In our world of distractions, presenters are always looking for a way to keep their audiences engaged and connect with them on a more visually appealing level. One way to accomplish this is through the use of props.
Props are a tool that, when used correctly, break up the monotony of a talking head and create a visual reinforcement of the content. But not all presenters are comfortable with using props in their presentations. In fact, many shy away from them for fear of seeming cliché or unprofessional.
That’s why we put together 3 tips on what kind of props to use as well as how to use them in your next presentation.
Keep it simple.
The primary reason props can come across as unprofessional or distracting is because the presenter has made them too complicated. The more complex the prop or object lesson, the less focused on your content you will be. Instead, opt for a simple and easy to demonstrate/show prop that does not take a lot of thought in the moment. Remember: this prop is meant to create a visual reference for the audience – not steal the show from you.
Practice prior to presentation day.
I’ll never forget the day I tried to implement an illustration using props in a presentation that I had never practiced. I built up all the excitement and set up the illustration perfectly, only to have the prop fail, leaving me to fumble around trying to cover up the awkward moment. Learn from my mistake, and make sure you practice with your prop before you get to presentation day. The use of the prop should be second nature to you by the time you step in front of an audience. This will ensure that you focus on wowing the crowd rather than covering up an awkward fumble.
Keep it straightforward and relevant.
The use of an illustration must be straightforward and easy for your audience to comprehend without much extra thought. Remember, this is to reinforce your content – not speak for your content. That means when designing your use of props, you must think through the eyes of your audience. Ask yourself: Will they understand this quickly? Will they make the connection I am hoping for? Is this relevant to their daily lives? This last question is key, especially if you are not presenting to an audience of your peers. Your use of props must connect with your audience and not just with you.
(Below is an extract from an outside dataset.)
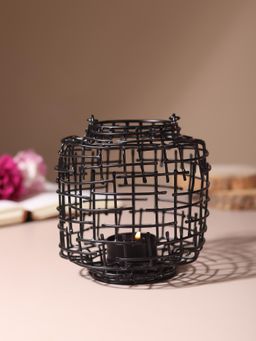 De Maison Decor - Basketweave Black Tea Light Holder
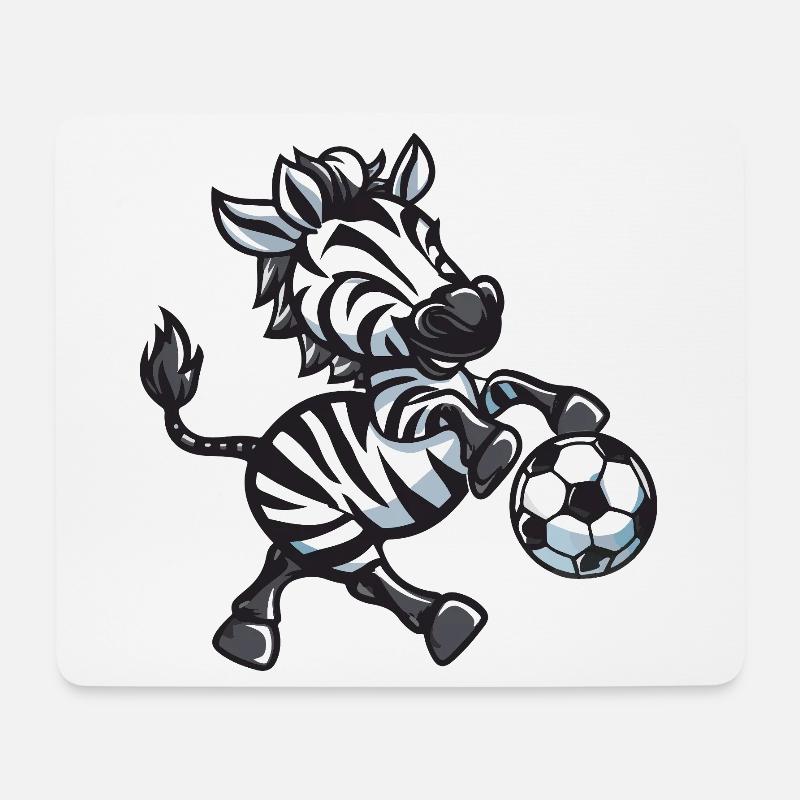 Zebraspieler mit Ball - Mousepad (Querformat) - Weiß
Using props in a presentation is a powerful tool that breaks outside the norm, and when done correctly, leaves your audience feeling like you have gone above and beyond. Not only will they increase the room engagement, but they will create a lasting connection between your content and a visual representation of your content. This will result in reminders of your content when your audience members come across that object in the future. While they could come with a risk if not well thought out, with these three tips you will be well on your way to creating excellent illustrations using simple, relevant props.